Market Update 1st August 2022
Cacophony (Part II)
That was quite a week. We may all be seven days older, but very few of us are any wiser at the end of it. Markets, though, were thoroughly happy in their ignorance and finished an already encouraging month with a little flourish. The question now being asked is whether we have finally turned a corner, or if July was no more than an overdue bounce. There are no signs that the jury will be returning with a verdict any time soon.
So let us try to make sense of last week’s cacophony. First, the Federal Reserve raised US interest rates by 0.75% for the second consecutive month. That much was expected. The chair, Jay Powell, then proceeded to confuse the living daylights out of everyone with his follow up comments. This is probably because he is himself bamboozled by the level of inflation, the current state of the economy and exactly what it is that he is supposed to doing about what. Nevertheless, the markets latched onto his statement of the totally obvious – to the effect that they will not increase rates by 0.75% every month ad infinitum – with a resounding, but surprising, glee. In a different week, investors might have been less encouraged by the Fed having appeared to have lost its last clue.
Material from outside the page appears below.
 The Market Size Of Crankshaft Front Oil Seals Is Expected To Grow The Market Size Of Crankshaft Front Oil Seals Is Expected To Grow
The following day, the statisticians declared that the US economy shrank in the second quarter of the year, and is thus in technical recession. I remember that one of the first truisms I was taught as a young student of economics is that no one really has any idea whether an economy is growing or contracting until months, or even years, later. This has arguably never been more true. The Fed is now off on its summer holidays and is not scheduled to decide interest rates again until 21st September. It is a good time for a breather.
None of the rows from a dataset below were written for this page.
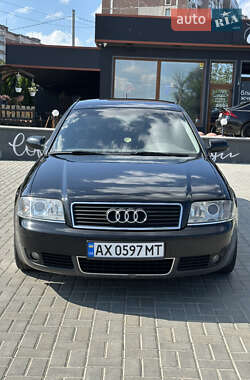 Седан Audi A6 2002 в Лозовой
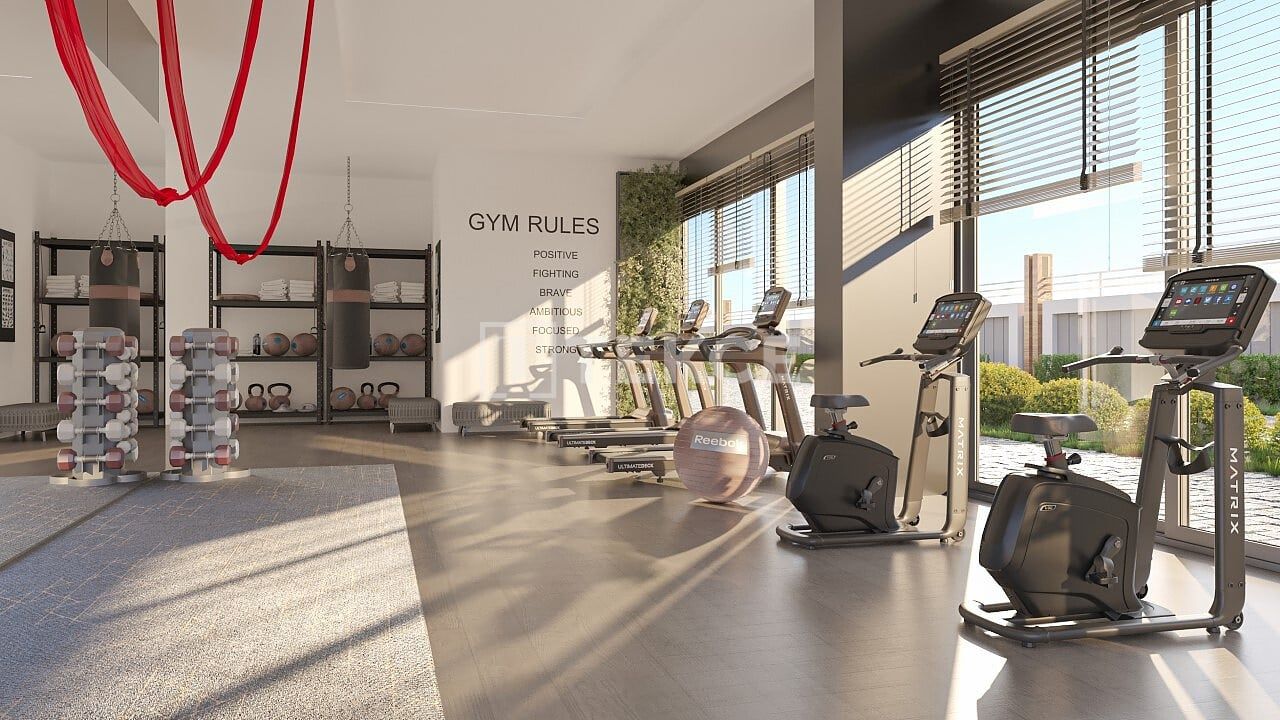 Apartment in Alanya, Turkey, 56 m² - picture 7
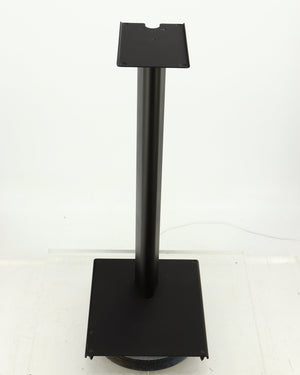 Top of a used Q Acoustics 3000 Series Speaker Stands (3010) in a black finish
Nonetheless, on Thursday this week the Bank of England will announce a rise in our interest rates of half a percent. Or at least that is the very short odds favourite. It may also provide us with some details of how it intends to unwind the holdings of gilts and corporate bonds it acquired under the quantitative easing (QE) schemes. Having denied that zero interest rates and QE were a factor in causing inflation, one may query why Andrew Bailey’s Bank is now using these to combat the same dragon. For those of us who believe that the quantity of money is likely to have been a factor in all this, last week’s data showed that the growth of this has slowed to a crawl. In inflation-adjusted terms, this equates to a marked shrinking. And one might suppose that at least some of the measures needed to bring inflation down are already in place, and that the Bank of England, like the Federal Reserve, is about to stamp too heavily on the brakes.
You could be forgiven for thinking that the last place to look for good news would be Europe. It would be an easy mistake to make. However, in contrast to the US, the Eurozone’s economy grew at a thoroughly robust 4% in the second quarter. This is the same Eurozone that broadly every commentator agrees will inevitably suffer a nasty recession. As yet, the signs are that – despite everything – economic activity in Europe is holding up remarkably well.
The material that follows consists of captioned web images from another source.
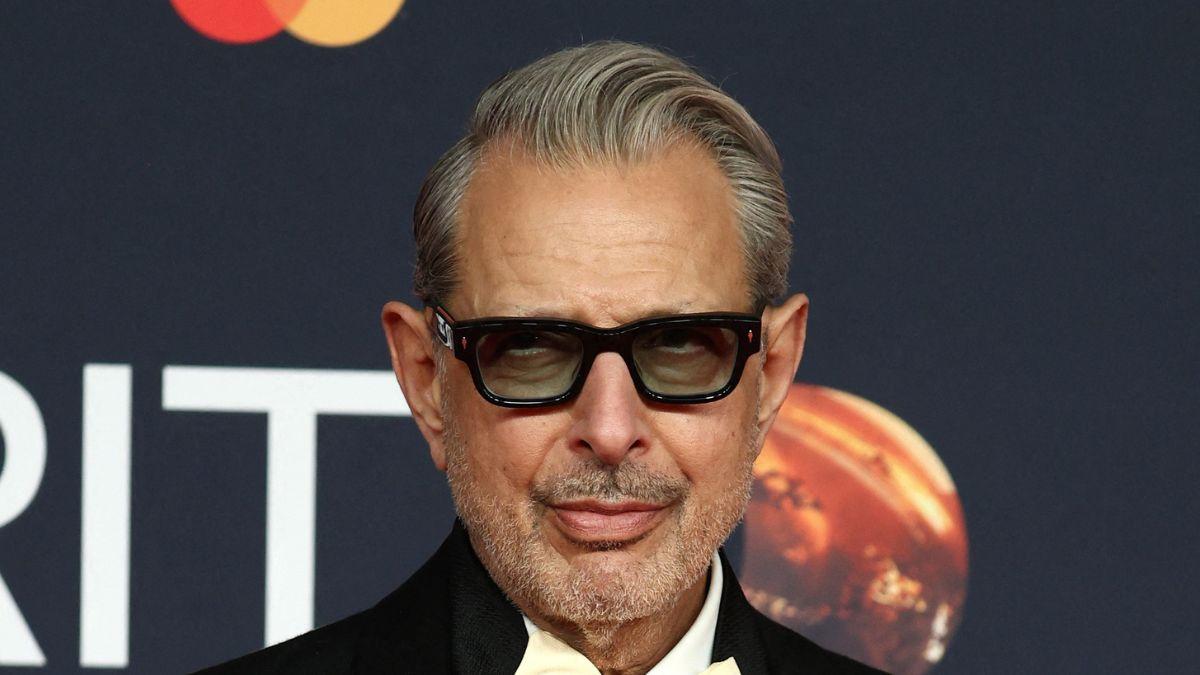 picture of Jeff Goldblum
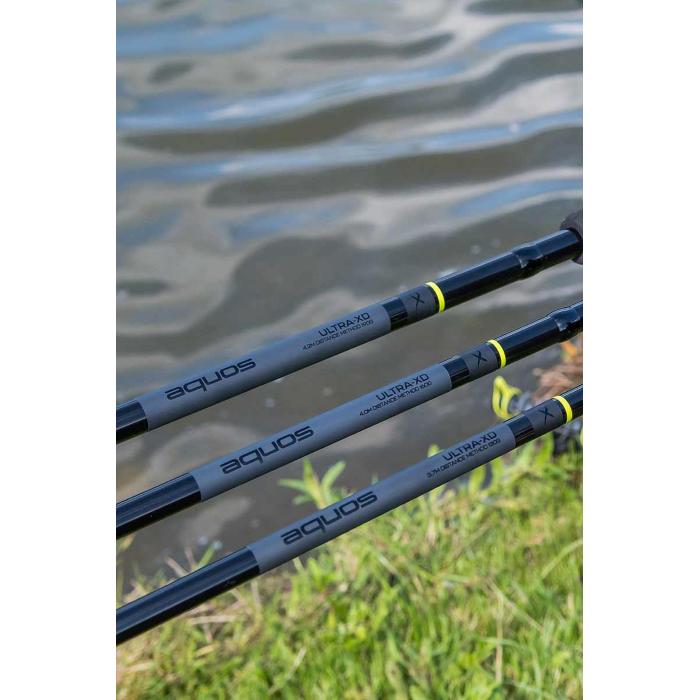 Matrix Canna Feeder Aquos Ultra-XD 4.0m Method Feeder Rod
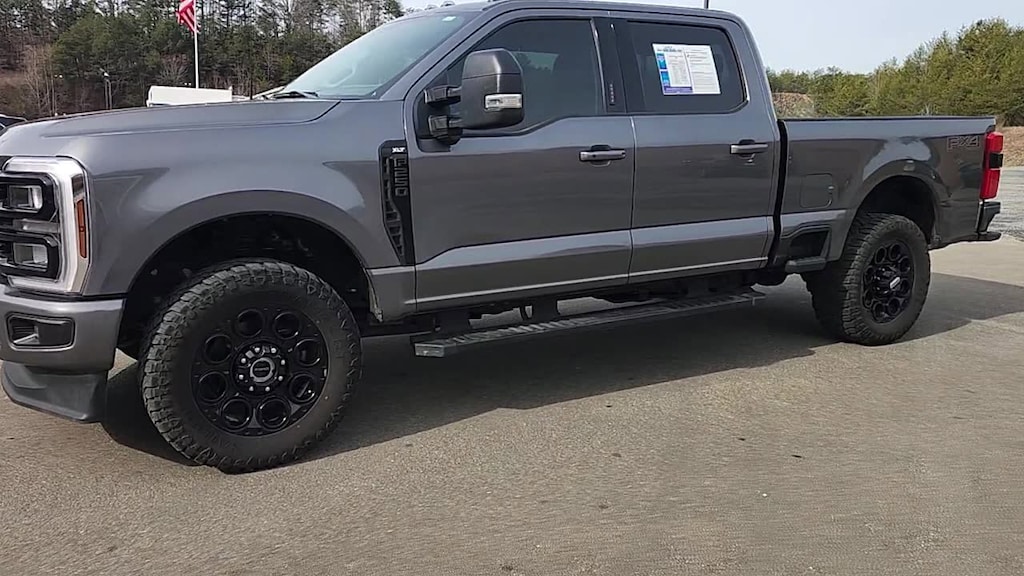 Used 2024 Ford Super Duty F-250 SRW XL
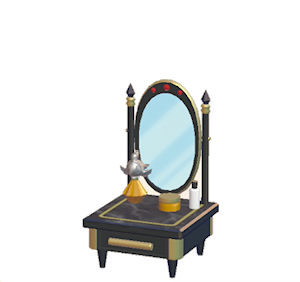 Yellow Luxury dresser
Which brings us onto the corporate earnings season, which hit its peak last week. We have hopefully said consistently that the consensual gloomy economic prognosis is at odds with how companies have been reporting on their end markets. Of course there are exceptions, but by and large trading conditions are pretty good. We are no longer splashing the cash on housing improvements at quite the same rate, while some businesses have issues with sourcing goods from China, others are finding it harder to sell there. The very strong dollar is also an issue for many US businesses, although much of this is due to translation of overseas profits rather than a loss of competitiveness. There is also a growing differential between the price-makers and the price-takers. Consumers, so it seems, are still prepared to pay up for what they really want.
Most of all, last week the large US technology companies reported a healthy second quarter. One or two aspects have seen some cooling – which should not be too much of a surprise – but as yet the world is coping well with both inflation and rising borrowing costs.